----- SUPPLIED MATERIAL
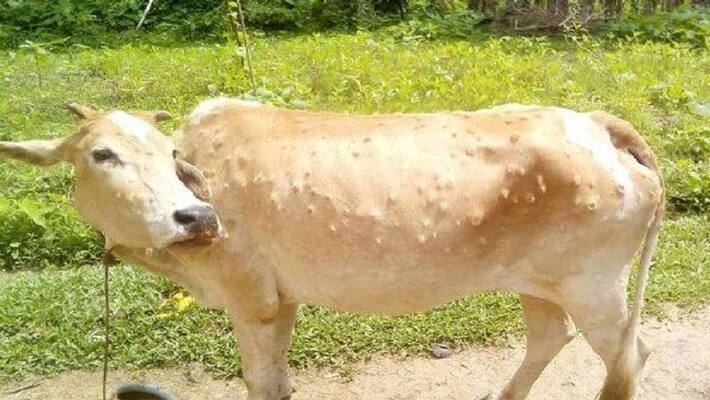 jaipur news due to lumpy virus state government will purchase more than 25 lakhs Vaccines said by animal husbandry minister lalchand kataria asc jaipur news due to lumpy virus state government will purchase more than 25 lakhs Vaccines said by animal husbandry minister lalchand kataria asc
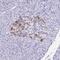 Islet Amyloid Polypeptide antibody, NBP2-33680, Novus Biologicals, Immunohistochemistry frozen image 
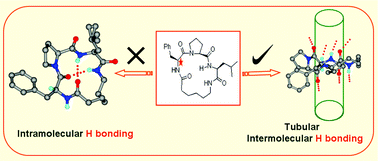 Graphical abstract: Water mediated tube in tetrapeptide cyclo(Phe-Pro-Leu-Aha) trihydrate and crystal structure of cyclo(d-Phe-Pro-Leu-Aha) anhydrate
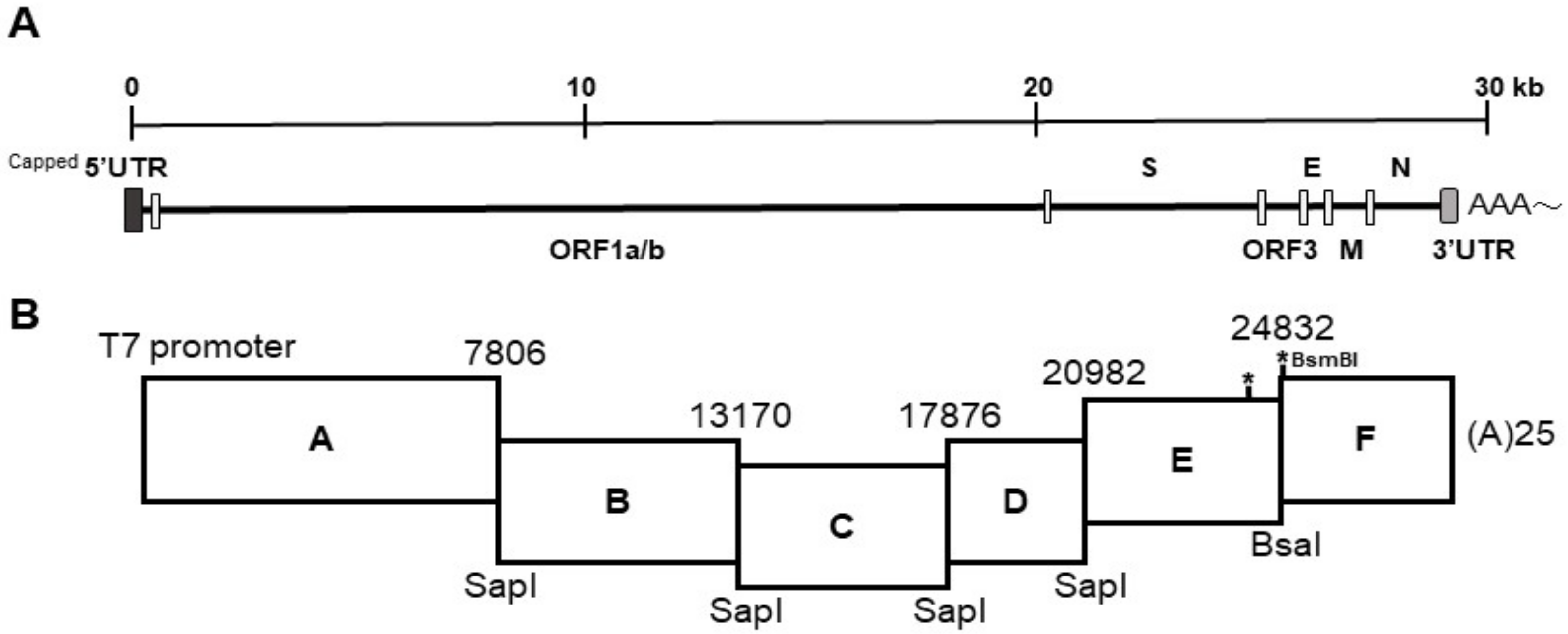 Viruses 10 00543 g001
----------
• **GOAL OF THE EXERCISE**
All of the material above is to be copied exactly, except for its images.

• **WRITTEN REPLY**
 jaipur news due to lumpy virus state government will purchase more than 25 lakhs Vaccines said by animal husbandry minister lalchand kataria asc jaipur news due to lumpy virus state government will purchase more than 25 lakhs Vaccines said by animal husbandry minister lalchand kataria asc
 Islet Amyloid Polypeptide antibody, NBP2-33680, Novus Biologicals, Immunohistochemistry frozen image 
 Graphical abstract: Water mediated tube in tetrapeptide cyclo(Phe-Pro-Leu-Aha) trihydrate and crystal structure of cyclo(d-Phe-Pro-Leu-Aha) anhydrate
 Viruses 10 00543 g001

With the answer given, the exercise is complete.